During the past decade, too many financial institutions have neglected or failed to recognize the value of rigorous risk management practices. They have paid heavily for this gap with large losses, damage to their reputations, fines, and regulatory difficulties. Some have shuttered their doors. Others have merged with stronger entities, in some cases out of necessity.

It is no surprise, then, that many financial institutions are rethinking the risk management function. As institutions proceed with risk management discussions, two major themes should be at the forefront:

1. Risk managers must take a more comprehensive and integrated approach toward risk, as causes and effects are becoming harder to distinguish. The boundaries among the traditional categories of risk are becoming less cleat, and the new risk managers must view their mandate as comprehensive risk--full stop.

2. Risk managers must play an active role in shaping their organizations. They can no longer limit their roles to evaluating, approving, and reporting on risk parameters. Instead, risk managers must play an active role in an organization s strategy, culture, people, compensation, and more. They must constantly be thinking ahead about the next hidden risk and assertive about promoting needed changes.

All participants in a firm's risk management activities--senior risk managers; those who hire, oversee, and interact with them; and those who work for or aspire to become a senior risk manager--should continually focus on these themes.

A growing number of institutions have found the need to create a new position of chief risk officer (CRO), who has broad responsibilities for risk oversight. In addition to this senior role, firms are adding risk mangers at other levels to focus closely on specific businesses or risk issues.

As the role develops and expands, the CRO will likely become one of the most senior members of the firm, wielding as much influence as--perhaps even more than--the general counsel, chief financial officer, chief auditor, or head of a key business line.

Herein lies an enormous opportunity and challenge. CROs have the potential to shape the fundamental direction of their organizations. But to fully realize this role, they must think and act differently from before.

Defining Risk

In its simplest definition, risk is the possibility of negative outcomes. All businesses intentionally seek and want to assume certain risks. These are often thought of as core business risks. If firms manage these risks well, they can earn superior returns for their shareholders.

But the pursuit of core business risks can expose firms to other unanticipated risks. Large losses can result, whether from extreme market movements, customer defaults, weakness in processes, controls, and technology, or a panoply of other factors. Unwanted risk can reside in all parts of an organization and at all levels. It matters less to shareholders whether a loss results from one form of risk or another. A loss is a loss. Risks are frequently interrelated. Some problems fit easily into the traditional categories of credit, market, legal, operational, liquidity, and others. Some problems result from multiple risks.

Defining Risk Management

A possible definition for risk management, then, is the effort to create and oversee the necessary people, technology, processes, and other tools to mitigate unexpected problems.

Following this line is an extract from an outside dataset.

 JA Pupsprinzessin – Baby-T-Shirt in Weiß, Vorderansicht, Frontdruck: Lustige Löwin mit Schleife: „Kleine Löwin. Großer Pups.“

It can, however, mean different things to different people.

* To some, risk management is the use of "traditional" insurance products to manage such problems as business interruption, fraud, health costs, injuries, and property and casualty risk.

* To many, it is the application of derivatives and other transactions to mitigate risks relating to fluctuations in interest rates, currencies, equities, commodities, and other markets.

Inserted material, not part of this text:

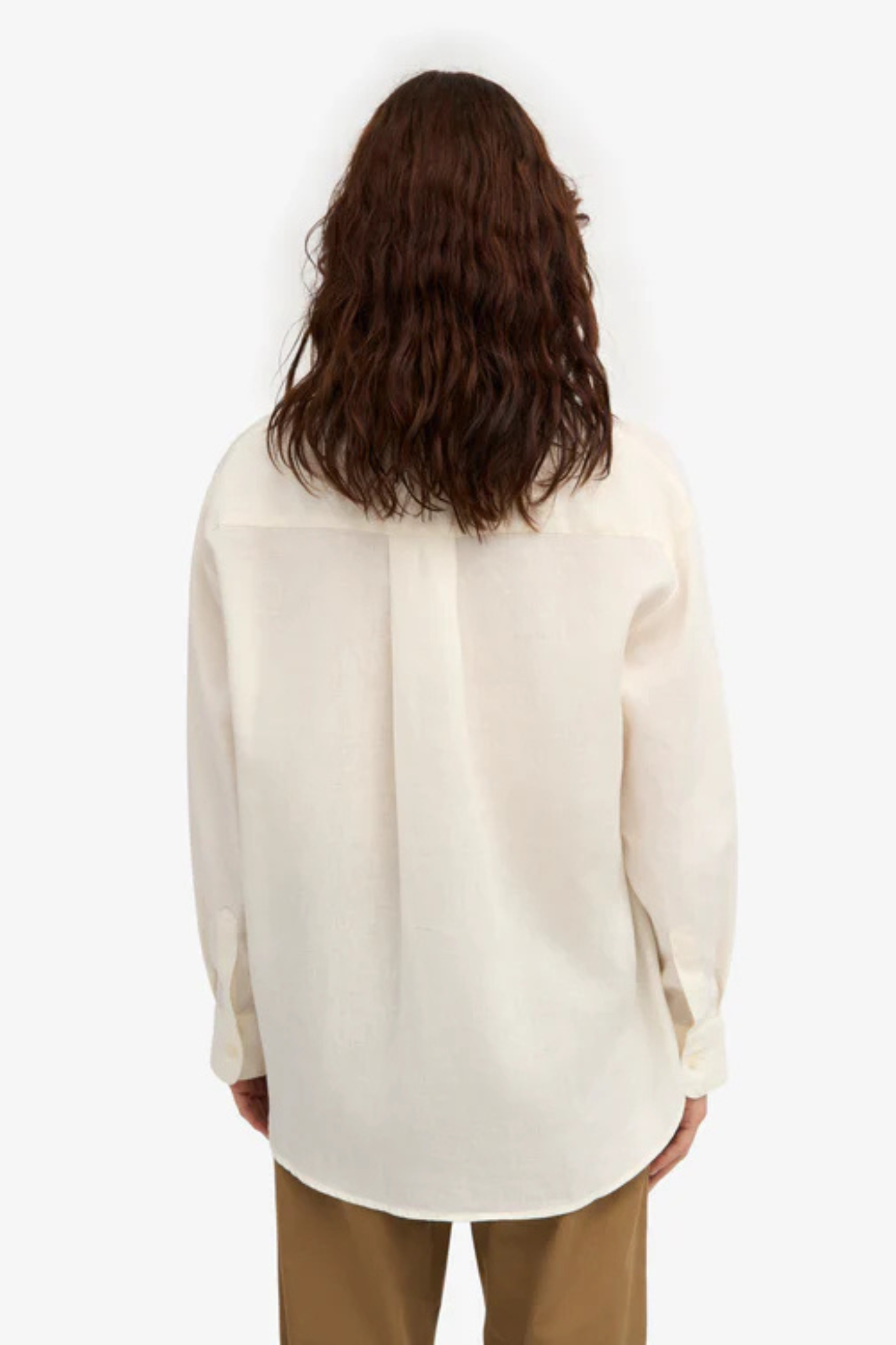 LINEN OVERSIZED SHIRT - IVORY WHITE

* To others, it means protecting an institution from market risk, credit risk, and operational risk related to core business activities.

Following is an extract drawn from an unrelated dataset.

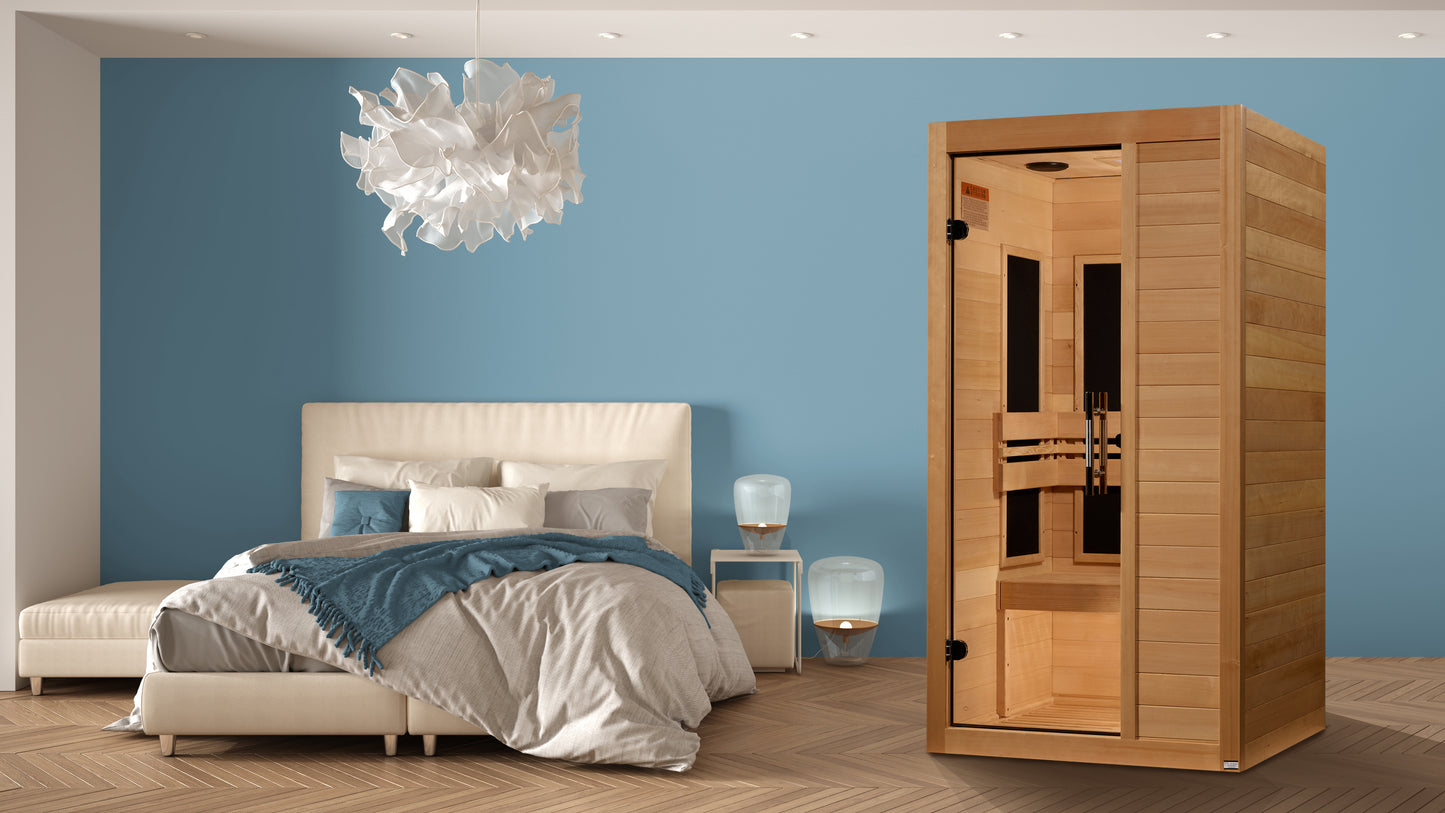 Maxxus S-Line Elite Yoga 1-Person Ultra Low EMF Infrared Sauna (Canadian Hemlock)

* To others still, it is the process by which risks are self-insured, financed, or transferred.

Risk management means all these things and more--thus, the overall question of the role of the risk manager. Risk management means the management of any potential problem that can affect a business franchise. This can include many issues and problems: strategy, markets, credit deterioration, political instability, people, culture, technology, process, inadequate controls, laws, regulations, external events and many other areas. The risk manager is charged with overseeing and managing this entire "galaxy of risks."